Persian translator and author

Abū Muhammad ʿAbd Allāh Rūzbih ibn Dādūya (ابو محمد عبدالله روزبه ابن دادويه), born Rōzbih pūr-i Dādōē (روزبه پور دادویه), more commonly known as Ibn al-Muqaffaʿ (ابن المقفع; died c. 756/759), was a Persian translator, philosopher, author and thinker who wrote in the Arabic language. He bore the name Rōzbeh/Rūzbeh before his comparatively late conversion to Islam from Manichaeism.

==Biography==
Ibn al-Muqaffa, though a resident of Basra, was originally from the town of Goor (or Gur, Firuzabad, Fars) in the Iranian province of Fars and was born into a family of Persian stock.

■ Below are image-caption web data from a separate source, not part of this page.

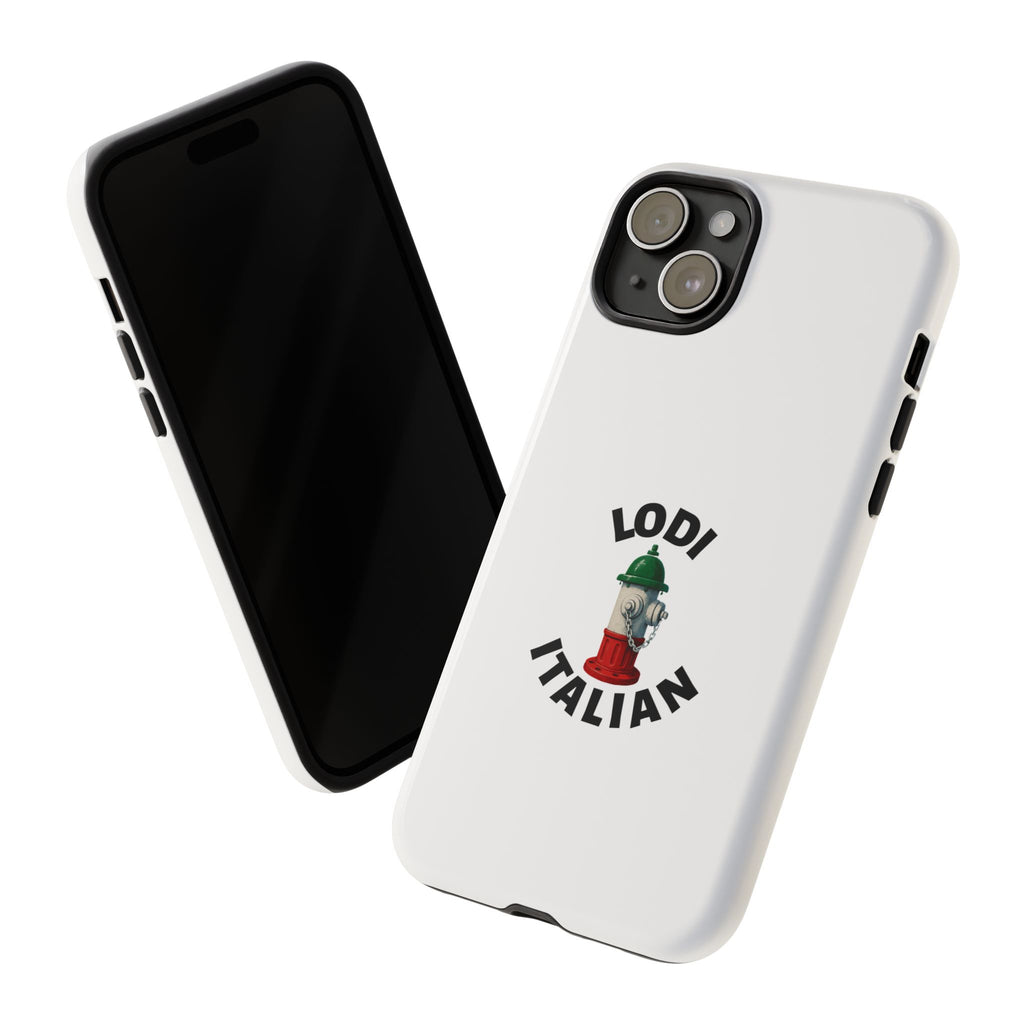 Lodi Italian White Phone Case, Urban Style Phone Cover, Tough Smartphone Case, Gift for Italian Heritage, Fun Streetwear Accessories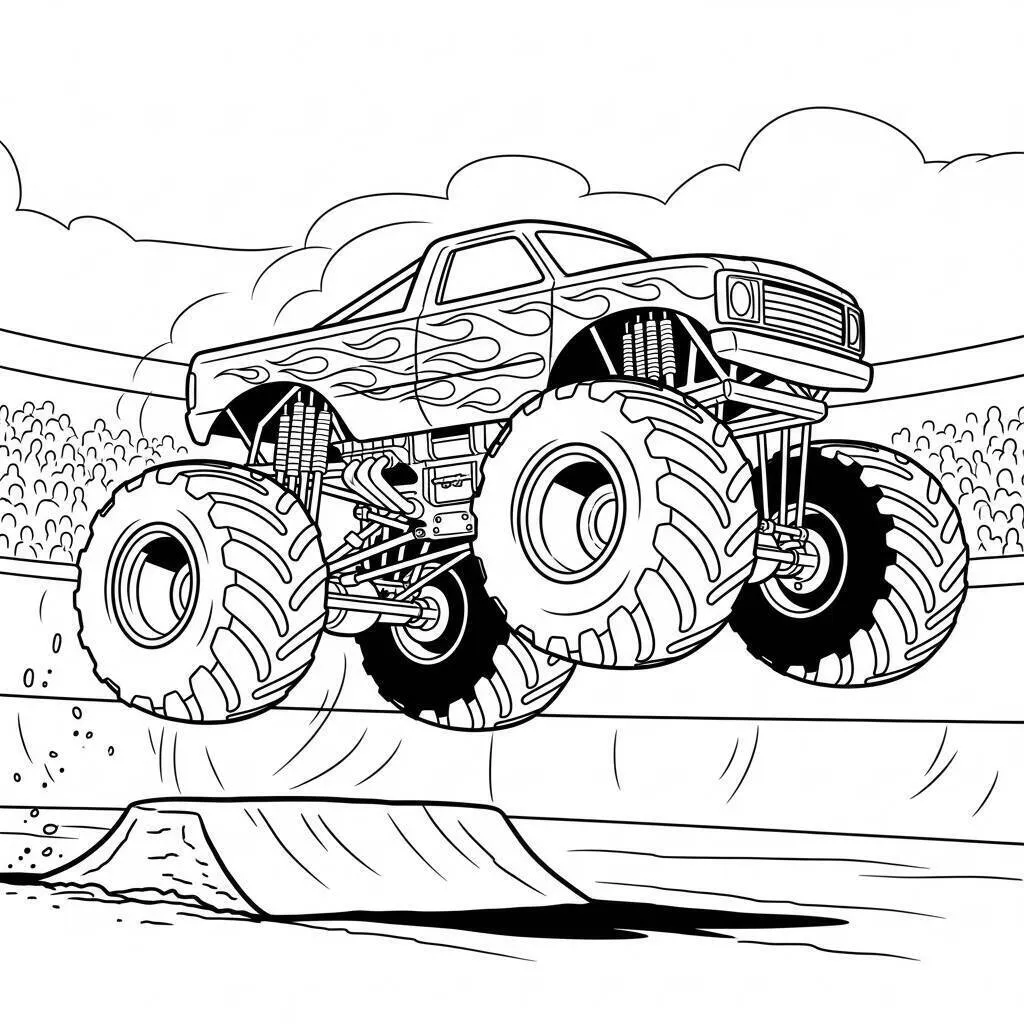 Desenho de Monster Truck para Colorir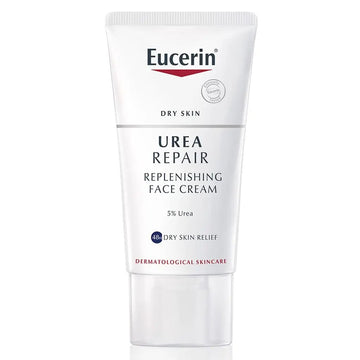 Eucerin UreaRepair 5% Urea Replenishing Face Cream For Dry Skin 50ml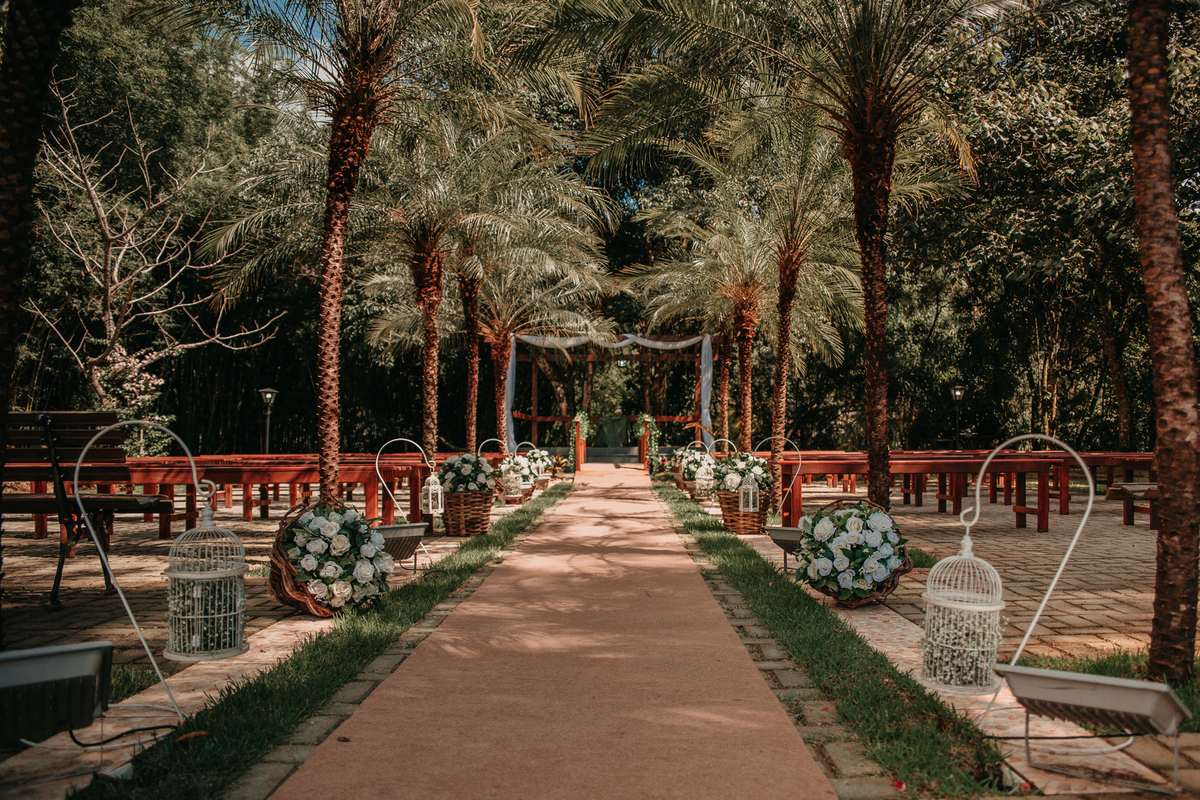 decoração casamento sitio della torre
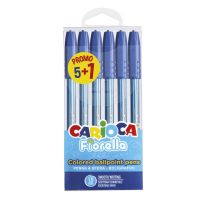 Set de 6 pixuri Fiorella, culoare albastră - Carioca - s/e/Set-de-6-pixuri-Fiorella-culoare-albastra--Carioca-1.jpg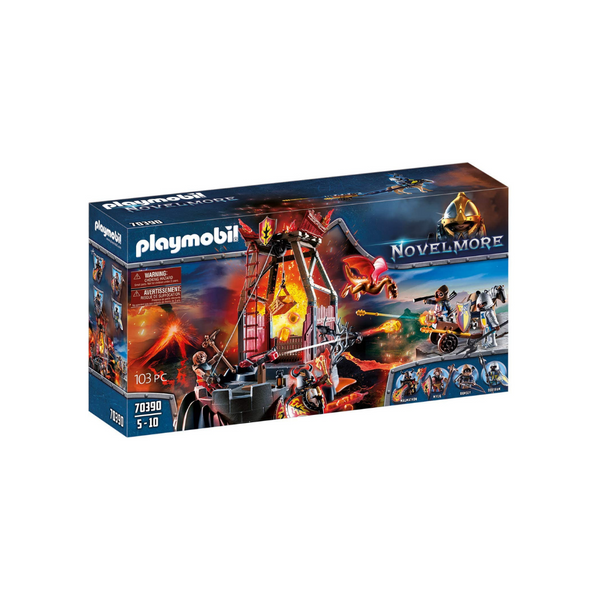 Playmobil Novelmore Mina de Lava Burnham Raiders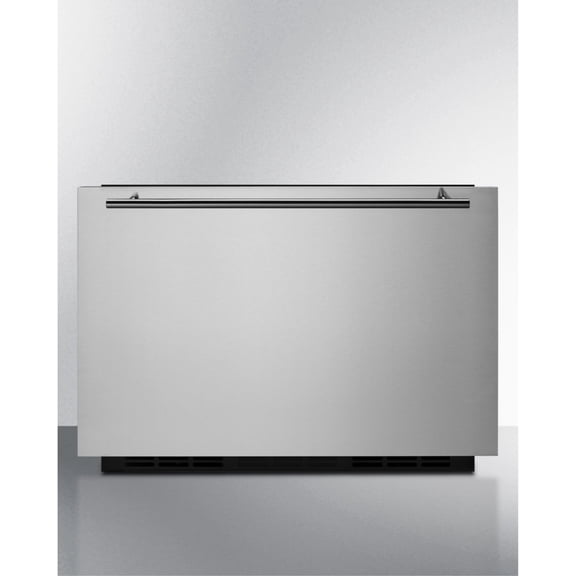 Summit Appliance FF1DSS24 24 in. Wide Built-In Drawer Refrigerator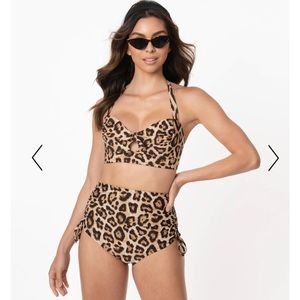 Never Worn Leopard  Bikini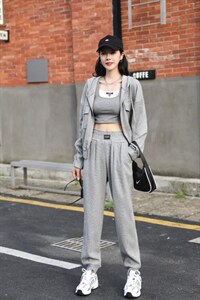 大量现货，休闲百搭华夫格套装,女装职业装,杭悦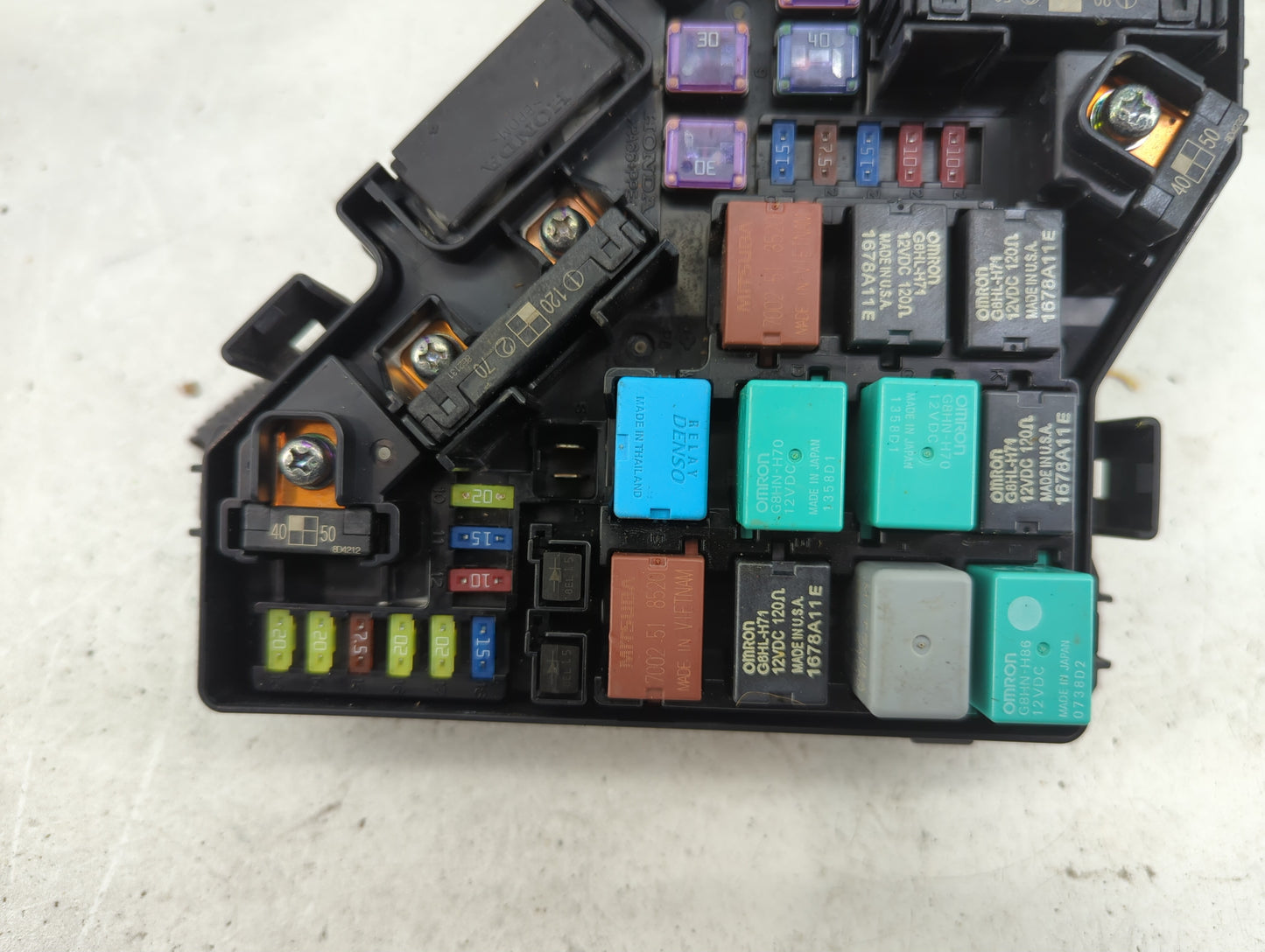 2009-2011 Honda Pilot Fusebox Fuse Box Panel Relay Module Fits Fits 2009 2010 2011 OEM Used Auto Parts - Oemusedautoparts1.c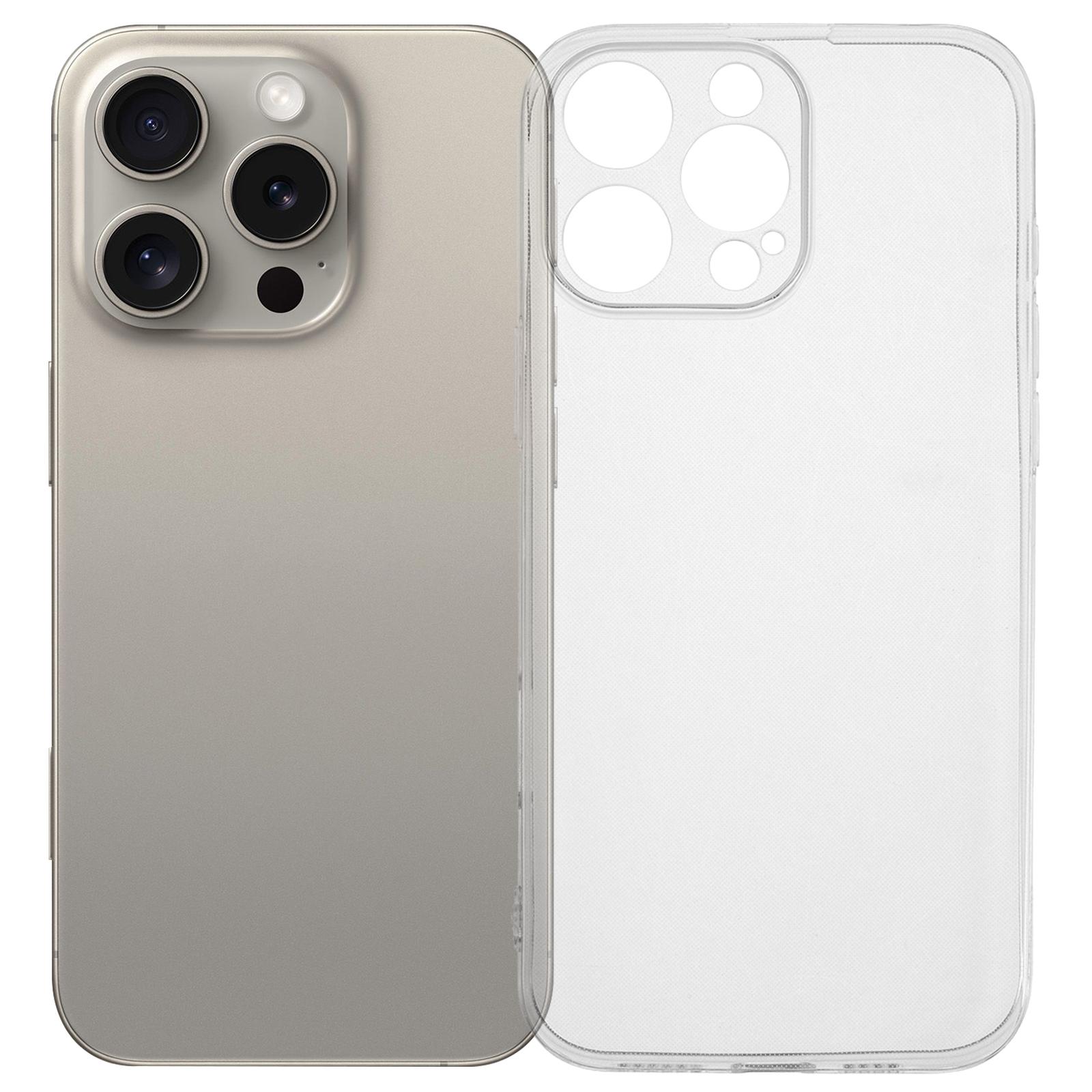 

For iPhone 16 Pro Case 1.2mm Ultra Thin Crystal Clear TPU Phone Cover A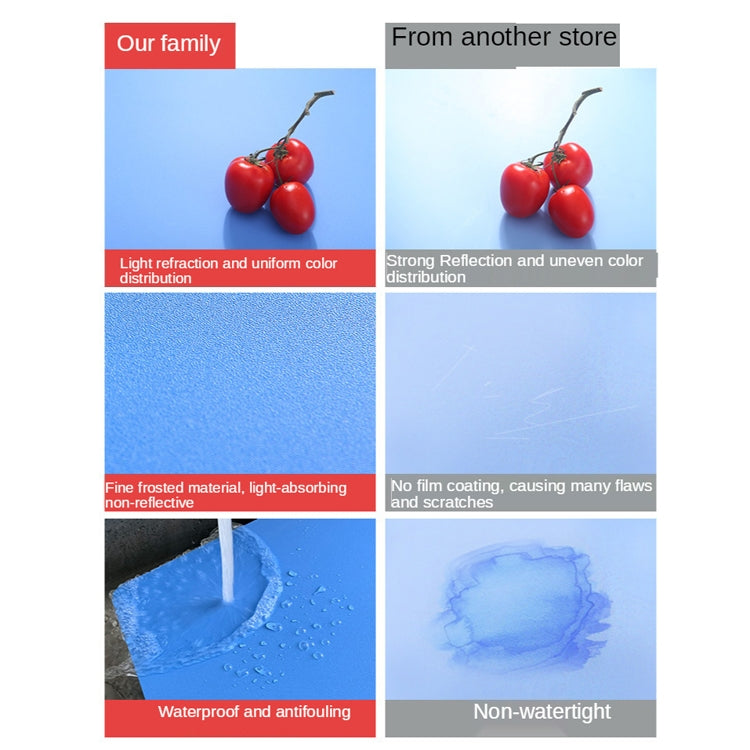 60 X 60cm Non-Reflective Matte PVC Board Double-Sided Solid Color Photo Background Board Filming Photography Props(Red + Pink) - free shipping - PMC Jewellery - Order now!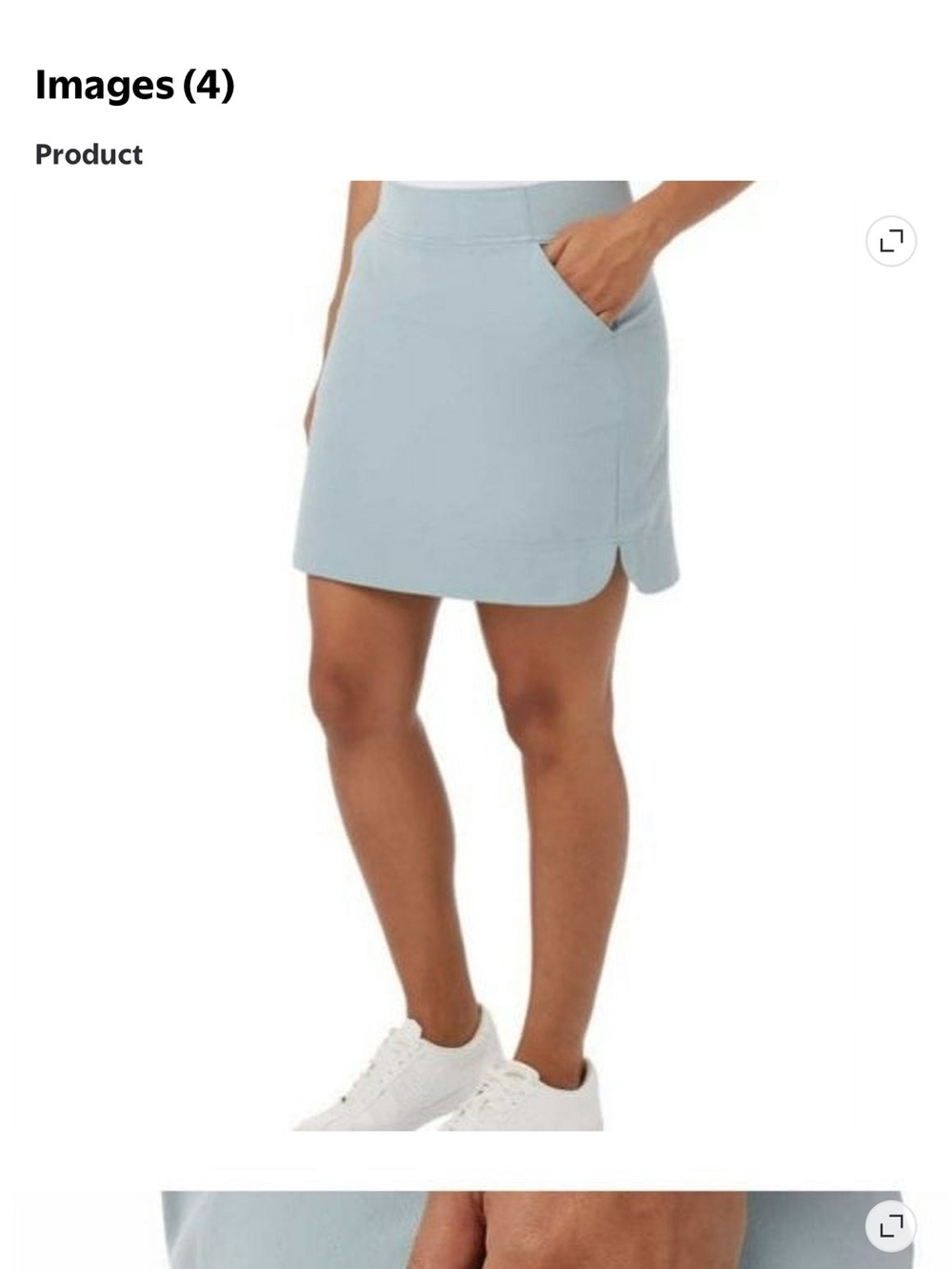 32 Degrees Silver Blue Women's Mini Skirt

He was a native speaker of Middle Persian and a non-native speaker of Arabic; Ibn al-Muqaffa composed his Arabic works during a period when the rules of Classical Arabic were still taking shape and the Arabic linguistic tradition was just emerging. His father had been a state official in charge of taxes under the Umayyads, and after being accused and convicted of embezzling some of the money entrusted to him, was punished by the ruler by having his hand crushed, hence the name Muqaffa (shrivelled hand).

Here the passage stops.